Brand names of phenylpropanolamine include Acutrim, Appedrine, Capton Diet, Control, Dexatrim, Emagrin Plus A.P., Glifentol, Kontexin, Merex, Monydrin, Mydriatine, Prolamine, Propadrine, Propagest, Recatol, Rinexin, Tinaroc, and Westrim, among many others. It has also been used in combinations under brand names including Allerest, Demazin, Dimetapp, and Sinarest, among others.

===Availability===
Phenylpropanolamine is available for medical and veterinary use in some countries.

===Exercise and sports===
There has been interest in phenylpropanolamine as a performance-enhancing drug in exercise and sports. However, clinical studies suggest that phenylpropanolamine is not effective in this regard. Phenylpropanolamine is not on the World Anti-Doping Agency (WADA) list of prohibited substances as of 2024.

===Legal status===
In Sweden, phenylpropanolamine is still available in prescription decongestants; Phenylpropanolamine is also still available in Germany. It is used in some polypill medications like Wick DayMed capsules.

In the United Kingdom, phenylpropanolamine was available in many "all in one" cough and cold medications which usually also feature paracetamol (also known as acetaminophen) or another analgesic and caffeine and could also be purchased on its own. It is no longer approved for human use, however, and a European Category 1 Licence is required to purchase or acquire phenylpropanolamine for academic or research use.

In the United States, the Food and Drug Administration (FDA) issued a public health advisory recommending against the use of the drug in November 2000. In this advisory, the FDA requested but did not require that all drug companies discontinue marketing products containing phenylpropanolamine. The agency estimates that phenylpropanolamine caused between 200 and 500 strokes per year among 18-to-49-year-old users. In 2005, the FDA removed phenylpropanolamine from over-the-counter sale and removed its "generally recognized as safe and effective" (GRASE) status. Under the 2020 CARES Act, it requires FDA approval before it can be marketed again, effectively banning the drug, even as a prescription.

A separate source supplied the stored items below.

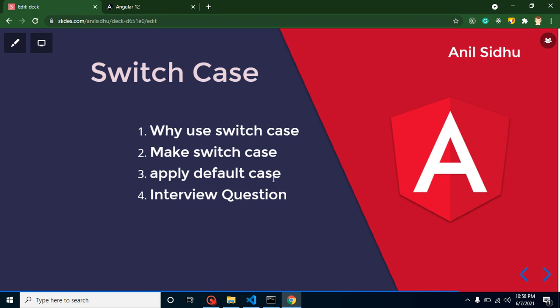Hi everyone, welcome back to Code Step by Step. My name is Anil. In this Angular part, we will talk about switch case. First I will tell you why we have to use switch case, after that we will make a small example of switch case and apply the default case. At the end, we will discuss some important interview questions also.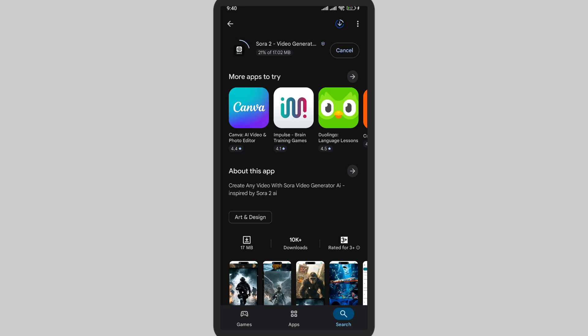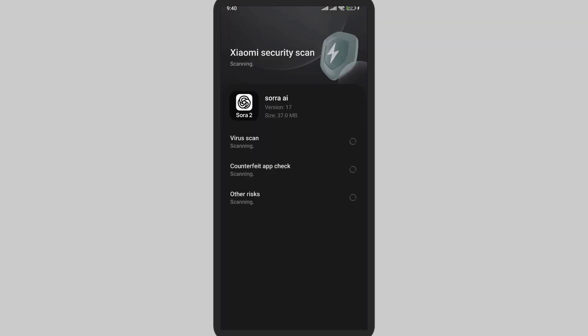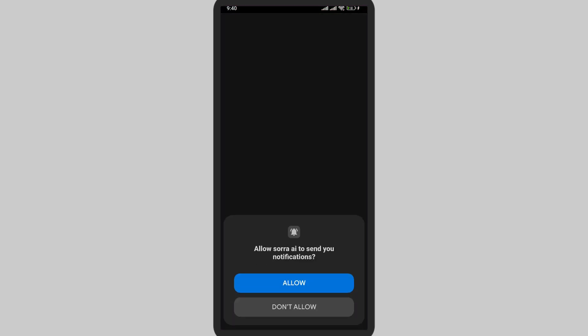Basically this is an AI feature or app where different videos will be generated according to the choices you have. According to the prompt you give, it will generate different videos. It has been installed. Now you can easily use it. Thank you for watching this video. I hope this video will help you.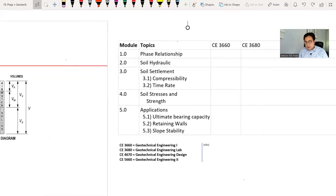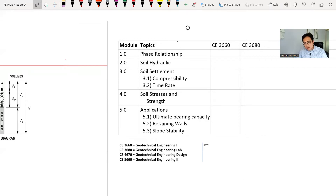Module number one is the phase relationships, number two is soil hydraulics, number three is soil settlements, the fourth one is stresses and strength, and finally the fifth module covers the applications.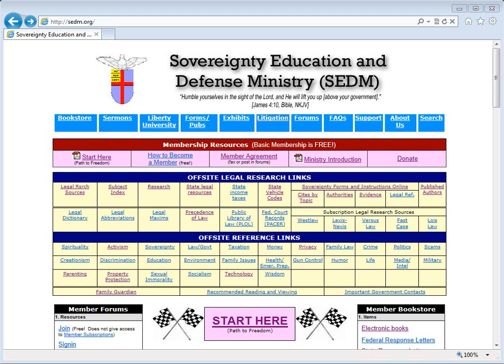Hello, and thank you for visiting the SEDM website and watching this video orientation intended for activism leaders. This presentation will take approximately 30 minutes, so you might want to make yourself comfortable. The intended audience is people who want to volunteer to become an activism leader, or who have already volunteered and want instruction on how to do their job optimally.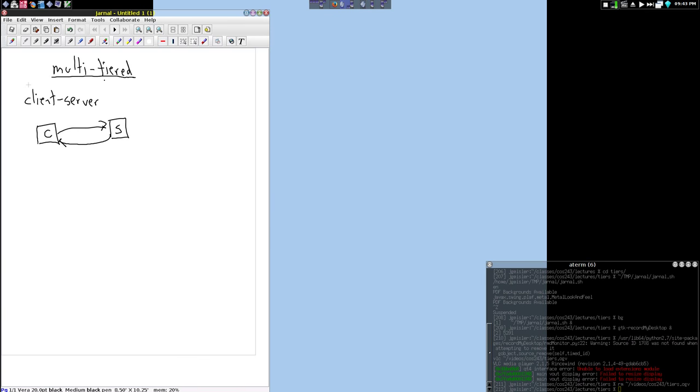Now, with a multi-tiered application, what we end up doing is we kind of add one little detail here. And that is that we're going to add in here, let's say, some sort of a database. And this can be either, I'm going to put a separation between the server and the database here.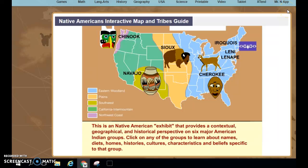Hello historians. Now that you have an idea of where the different Native American groups lived in North America, I would like for you to learn about one of the tribes.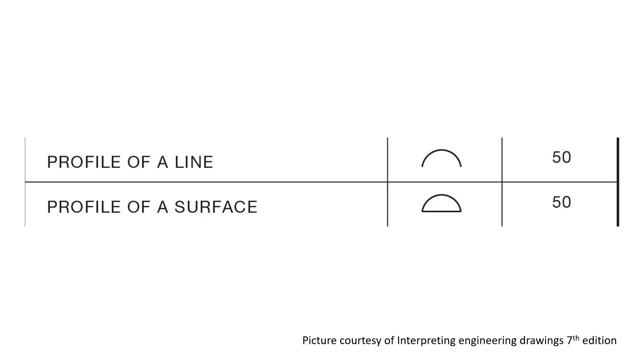There are two symbols used to describe profile tolerance. One is for lines and the other is for surfaces. This one here is the profile of a line and this one the profile of a surface.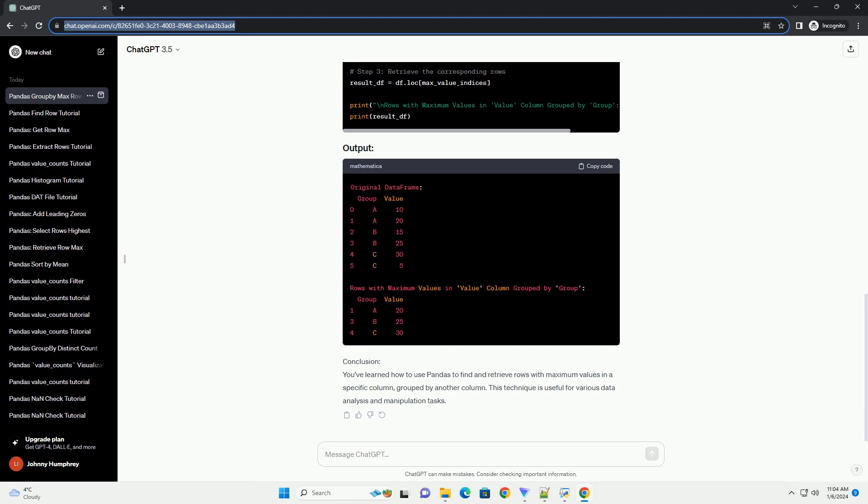Group by the desired column. Use the group by function to group the data frame by the column you want to perform the operation on. In our case, it's the group column.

Because of its potential use in amphetamine manufacture, phenylpropanolamine is controlled by the Combat Methamphetamine Epidemic Act of 2005. However, It is still available for veterinary use in dogs as a treatment for urinary incontinence.

Internationally, an item on the agenda of the 2000 Commission on Narcotic Drugs session called for including the stereoisomer norephedrine in Table I of United Nations Convention Against Illicit Traffic in Narcotic Drugs and Psychotropic Substances.

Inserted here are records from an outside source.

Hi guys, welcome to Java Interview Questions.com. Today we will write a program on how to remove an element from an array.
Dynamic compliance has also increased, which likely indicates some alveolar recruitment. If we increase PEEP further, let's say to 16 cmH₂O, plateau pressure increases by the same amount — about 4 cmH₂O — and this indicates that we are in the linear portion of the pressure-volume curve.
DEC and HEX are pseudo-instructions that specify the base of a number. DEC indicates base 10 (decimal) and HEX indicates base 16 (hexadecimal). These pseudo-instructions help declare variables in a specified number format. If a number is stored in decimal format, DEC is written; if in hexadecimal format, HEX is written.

Drugs containing phenylpropanolamine were banned in India on 27 January 2011. On 13 September 2011, Madras High Court revoked a ban on the manufacture and sale of pediatric drugs phenylpropanolamine and nimesulide.

==Veterinary use==
Phenylpropanolamine is available for use in veterinary medicine. It is used to control urinary incontinence in dogs.

In June 2024, the US Food and Drug Administration (FDA) approved Phenylpropanolamine hydrochloride chewable tablets for the control of urinary incontinence due to a weakening of the muscles that control urination (urethral sphincter hypotonus) in dogs. This is the first generic phenylpropanolamine hydrochloride chewable tablets for dogs.

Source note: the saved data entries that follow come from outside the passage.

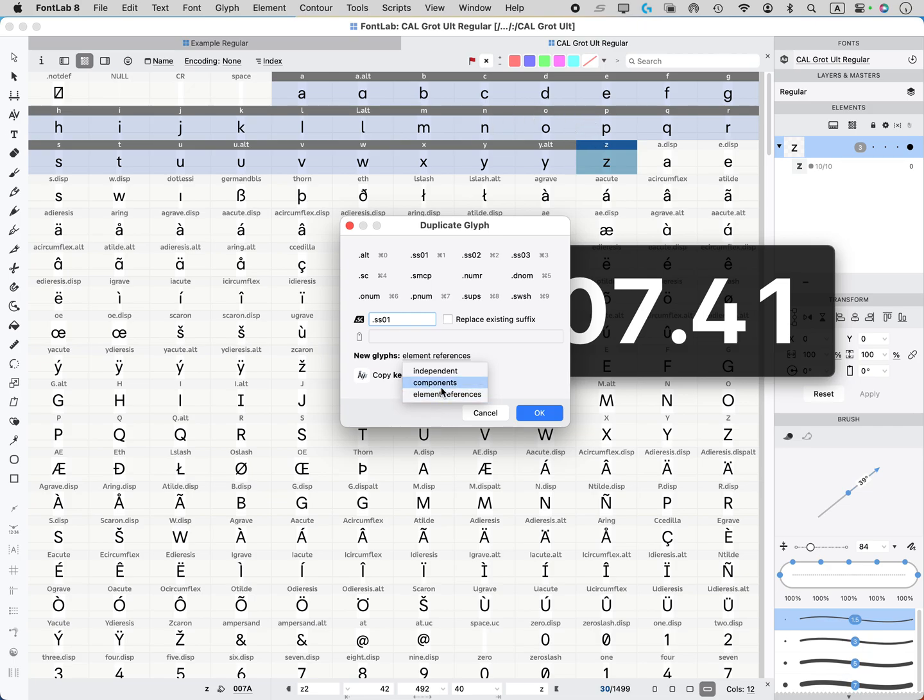You might want to do components, that's actually going to be more rare, or make them independent. If they're going to be entirely different symbols, then you're going to redraw them. So then make it independent.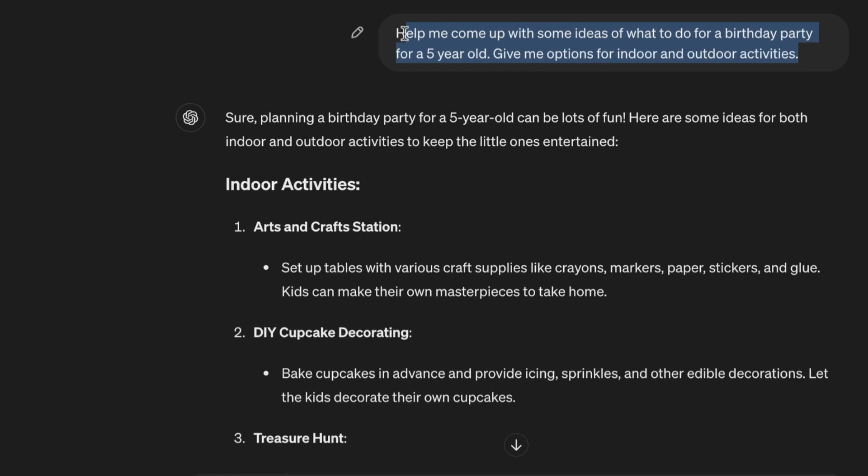Help me come up with some ideas of what to do for a birthday party for a five-year-old. Give me options for indoor and outdoor activities.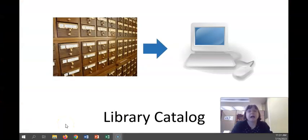Hello everyone, I'm Katie Spires, one of the librarians here at Utica University, and in this video I'll be giving you an introduction to our library catalog.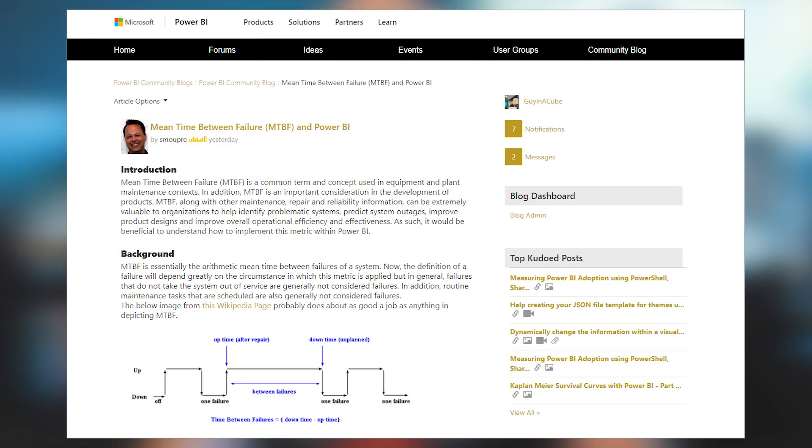Greg Deckler has a community blog post where he looks at mean time between failure in Power BI. Mean time between failure can come up in a lot of different scenarios, whether it's regards to equipment, plants, or things of that nature, and he looks at how you can actually create this inside of a Power BI report. This does involve some DAX, so get ready for that, but he's got examples of calculated columns and measures you can use to get this up and running. He also includes some sample data and shows you the report he built. Links for this blog post along with other bonus items can be found down in the description below.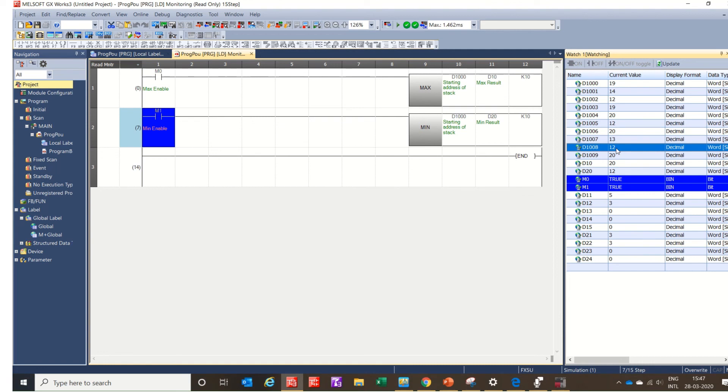So this is all about the MAX and MIN instructions. You can use them in many applications according to what you need.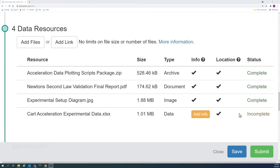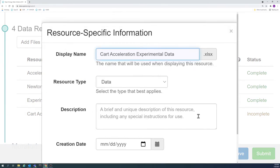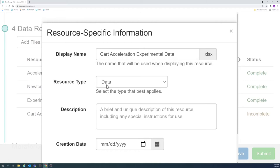The resource type refers to the type of file that was uploaded or linked. The field will automatically fill based on what was uploaded, but the type should be changed if it doesn't correctly represent the data.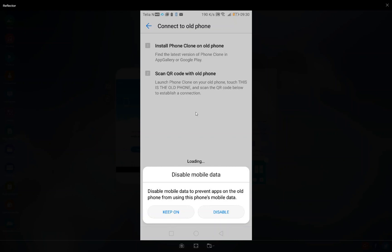It's written here that you should install Phone Clone on the old phone. Then scan the QR code with the old phone. I'm not going to keep on because this will disable my Wi-Fi, and the screen from the laptop—the telephone—will disappear.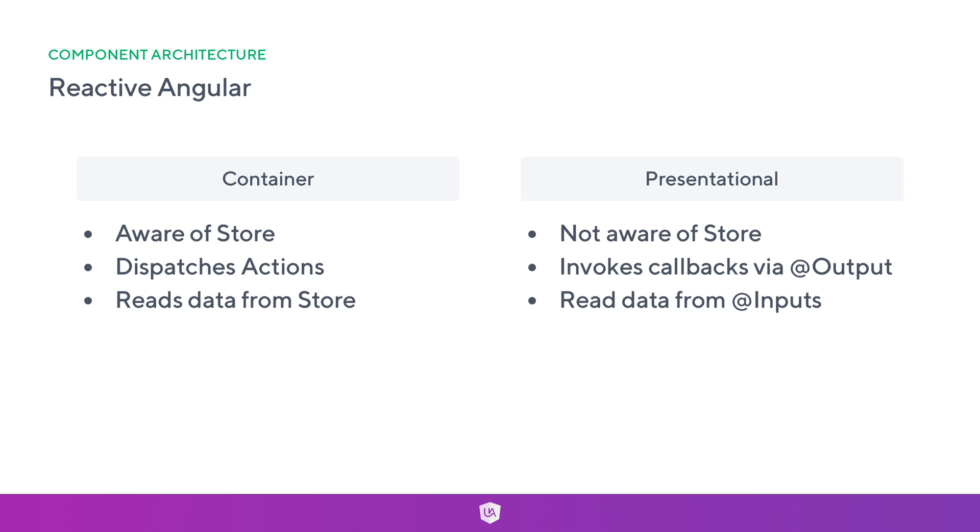We still want to get data out of the component, but it's now changed from perhaps injecting a service to the data now leaving the component via an action. A presentational component reads the data via an input, and if we look at the container, it reads the data from the store. We then use something like the async pipe to pass it down as pure data as an input to a presentational component.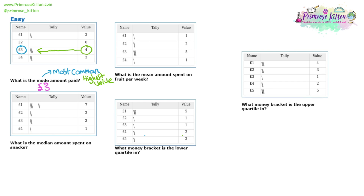In question two, we're going to find the median amount spent on snacks. From a list, what you would do is put all the numbers in order — a one, a two, a three, and a seven — and find the middle number, which would be 2.5. But that is wrong. You can't just put the values in order. You've got to think about what the tally chart is actually representing. What it's representing is that we have seven lots of one pound.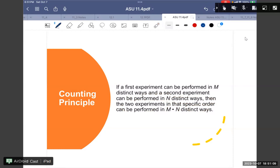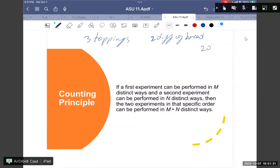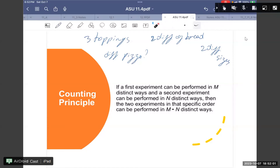For example, I have three toppings, two different breads, and two different sizes. The question is: how many different pizzas can I make? You see this — three, two, and two — so we can have three times two times two equals 12.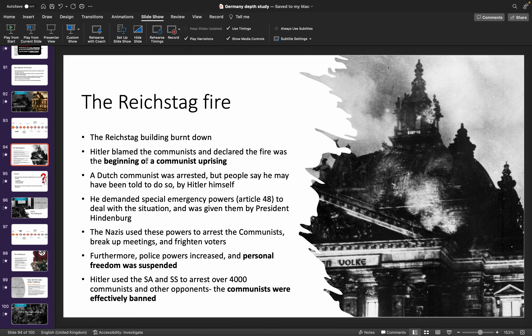The Reichstag fire basically allowed Hitler to pin all the blame on the communists. He used it as an excuse to give himself emergency powers and become basically a dictator. It's like killing two birds with one stone — he became a dictator and managed to get rid of all the communists. Around 4,000 communists and other opponents were banned, allowing Hitler to be a dictator with little to no political opponents.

Urinary incontinence happens when a dog loses its ability to control when it urinates. Urinary incontinence due to urethral sphincter hypotonus can happen as dogs age and as the dog's muscle in its urethra (the tube that leads from the dog's bladder to outside its body) weakens and loses control over its ability to hold urine.

Phenylpropanolamine hydrochloride chewable tablets contain the same active ingredient (phenylpropanolamine hydrochloride) in the same concentration and dosage form as the approved brand name drug product, Proin chewable tablets, which were first approved in August 2011. In addition, the FDA determined that Phenylpropanolamine hydrochloride chewable tablets contain no inactive ingredients that may significantly affect the bioavailability of the active ingredient.